I would *NEVER* take a shot where there is a likelihood of hitting/wounded another animal as part of the scenario. A 'calm' animal CAN jump the string, an alert animal looking at you most likely WILL. The last buck I shot way back in 2001 was trotting away from me at an angle. I cow chirped and he stopped at 47 yards looking right at me. I released my arrow and the buck didn't duck, but he did kick at the arrow. He broke off the last 4 inches of my XX78 off. Luckily the rest of the arrow did a complete pass through. I instantly regretted taking that shot, and still re-live it every time I see a nice buck. If I am ever in a similar situation again, I will NOT take the shot, even though I am now a much better shot today than I was then. It was too far, and the animal was too alert. Even though the animal quickly expired, it was a HORRIBLE shot.


----------



## InvaderZim (Sep 7, 2007)

Jump, smump! 

You guys are just missing!

:mrgreen:


----------



## Justice (Dec 22, 2007)

Hey pro, I am a little confused about your post. Are you saying the buck saw the arrow coming and he kicked at the arrow? As in directly at the arrow or was he just jumping the sound of the bow?


----------



## Mojo1 (Sep 8, 2007)

elk22hunter said:


> I've had buckies do the opposit also. I have been following a deer as it is walking, keeping the sight right in front of his shoulder to lead him a bit so I don't hit too far back and then when I shoot, he stops to see what the noise was and the arrow flys right in front of him, and right where I was aiming.
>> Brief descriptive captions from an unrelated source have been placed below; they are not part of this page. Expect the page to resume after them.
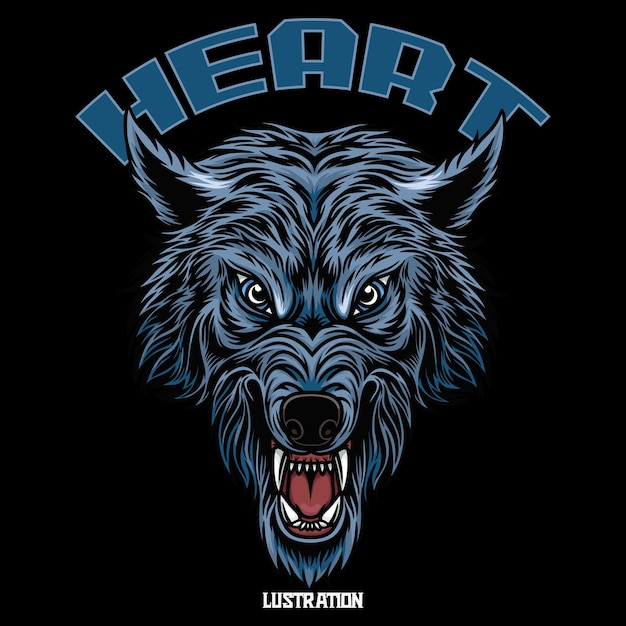 Wolf head mascot With Text illustration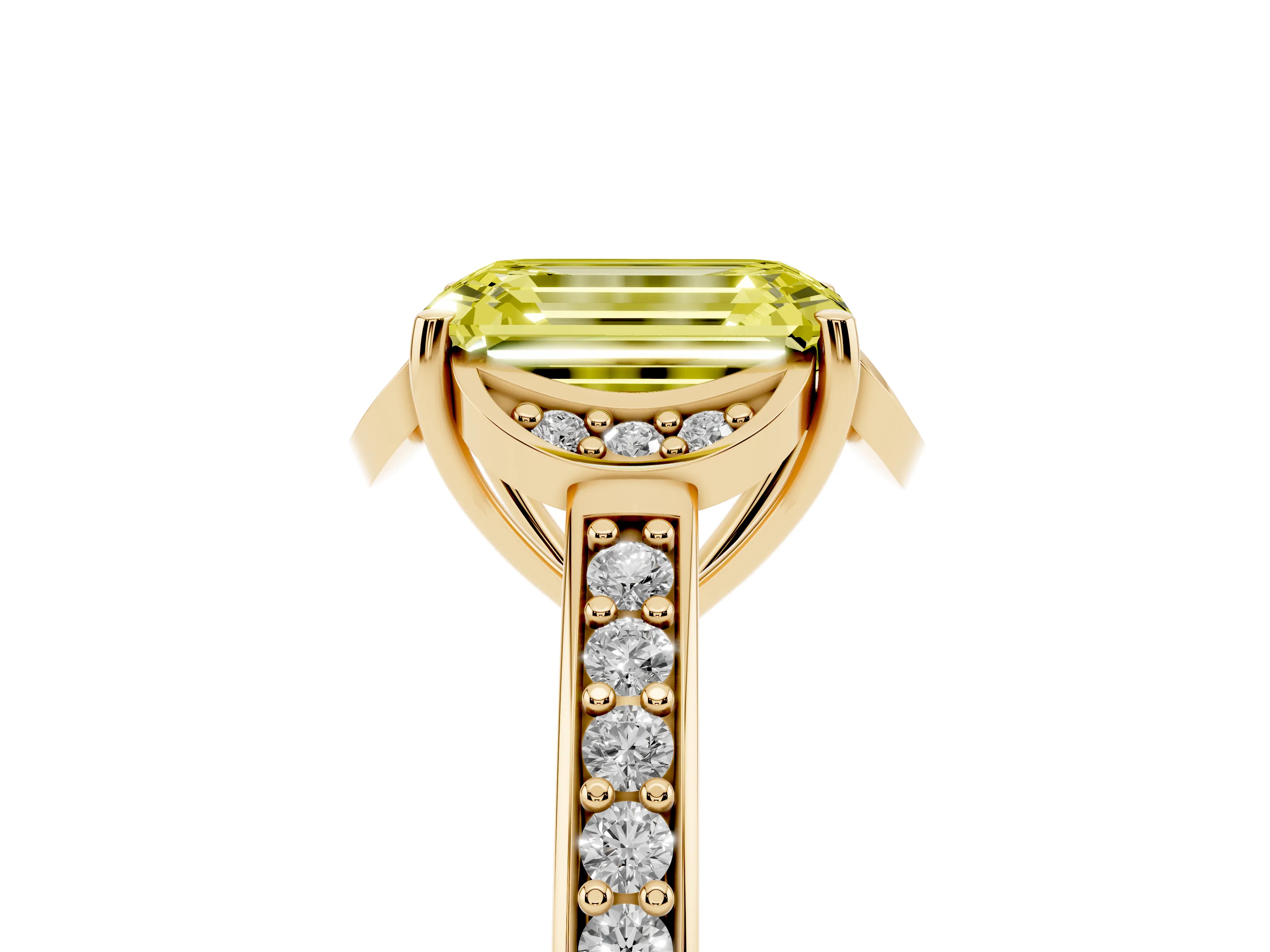 Fancy Yellow Emerald Cut Diamond Halo Ring Set in Yellow gold with Channel Set Band and Prong Setting
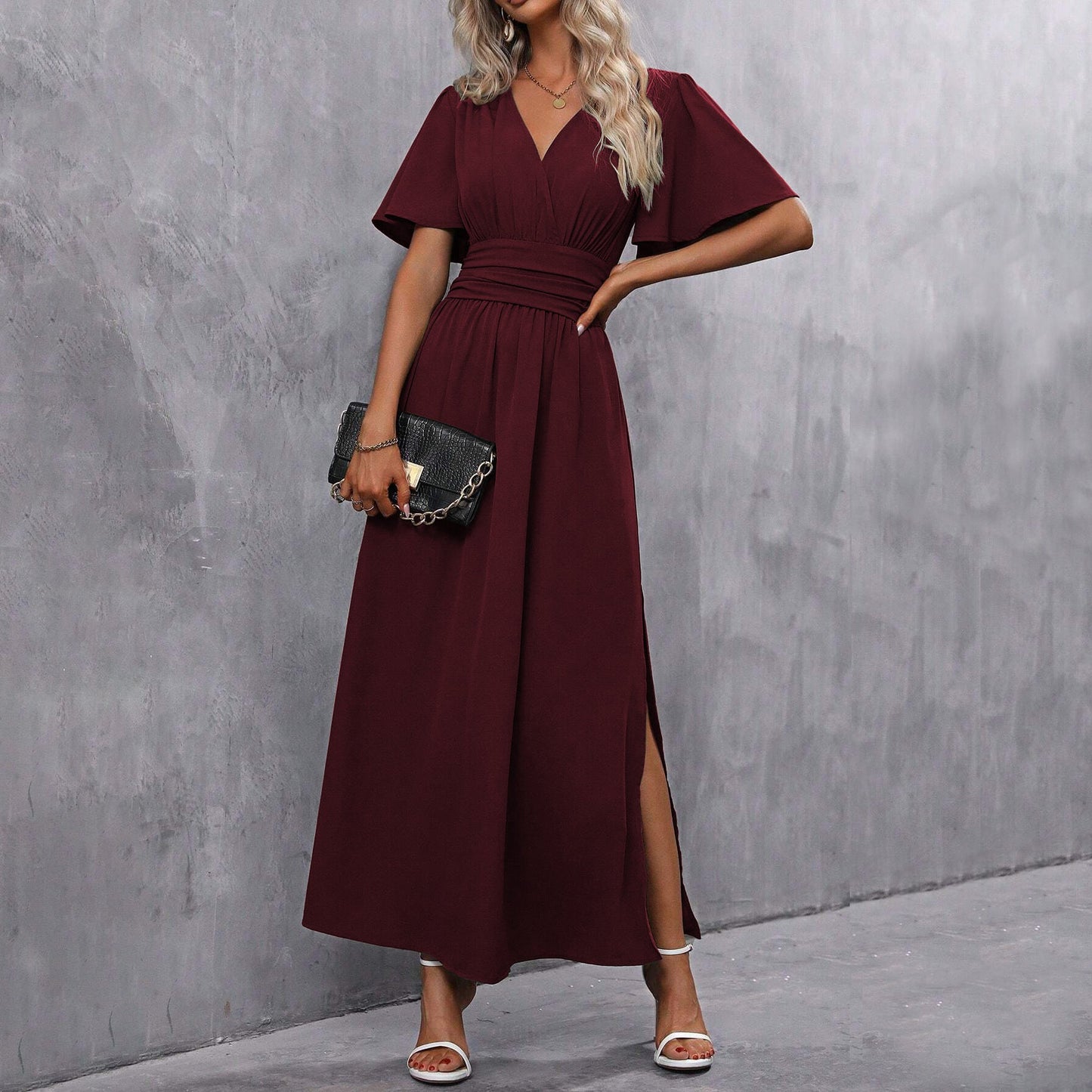Elegantes Damen Maxi Wickelkleid – Sommerkleid für Hochzeit, Party & Abend – Damen große Größen – Boho & Chic Kleid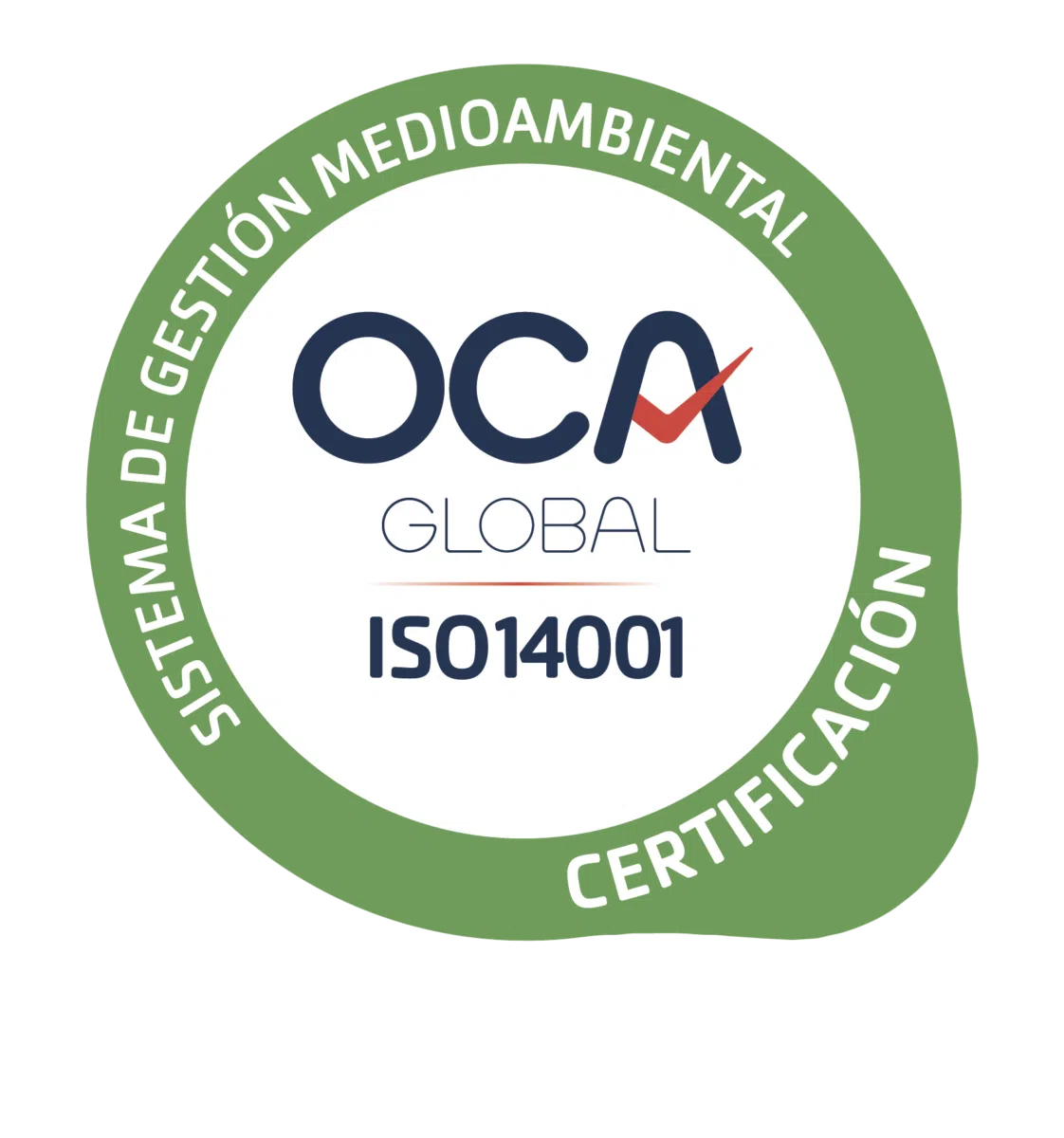 Se observa una etiqueta sobre la certificacion ISO14001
+1 Had the same happen once, that why they say never shoot at a moving deer. :wink:

I've killed a bunch of whitetails with a bow, had a few jump the string and duck under the shot, solution to this problem tuck your pin down low and release, that way they duck into the shot.

They are right, an alert nervous deer is a lot more likely to jump the string than one just feeding away.


----------



## proutdoors (Sep 24, 2007)

Justice said:


> Hey pro, I am a little confused about your post. Are you saying the buck saw the arrow coming and he kicked at the arrow? As in directly at the arrow or was he just jumping the sound of the bow?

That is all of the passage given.